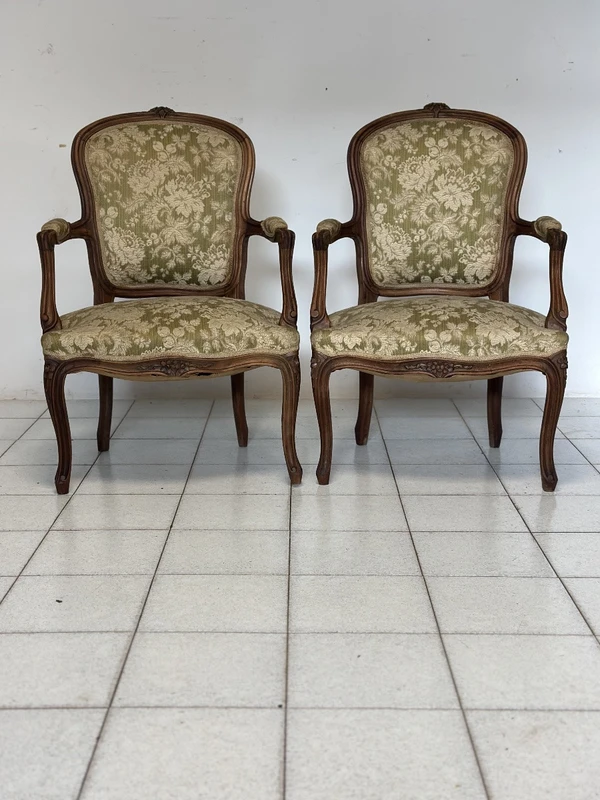 Paire de fauteuils Louis Philippe en noyer. XIXème siècle
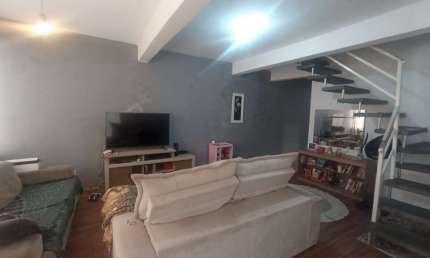 Chácara à venda em Itapevi-SP, bairro São João: 4 quartos, 2 suítes, 1 sala, 220m² área. Aproveite esta oportunidade!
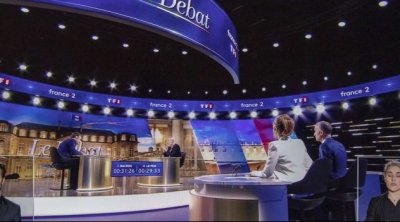 Présidentielle: un débat dense et musclé entre Macron et Le Pen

_Directions:_
Each line of the listing above should be retyped exactly, with no pictures.

_Response:_
 Paire de fauteuils Louis Philippe en noyer. XIXème siècle
 Chácara à venda em Itapevi-SP, bairro São João: 4 quartos, 2 suítes, 1 sala, 220m² área. Aproveite esta oportunidade!
 Présidentielle: un débat dense et musclé entre Macron et Le Pen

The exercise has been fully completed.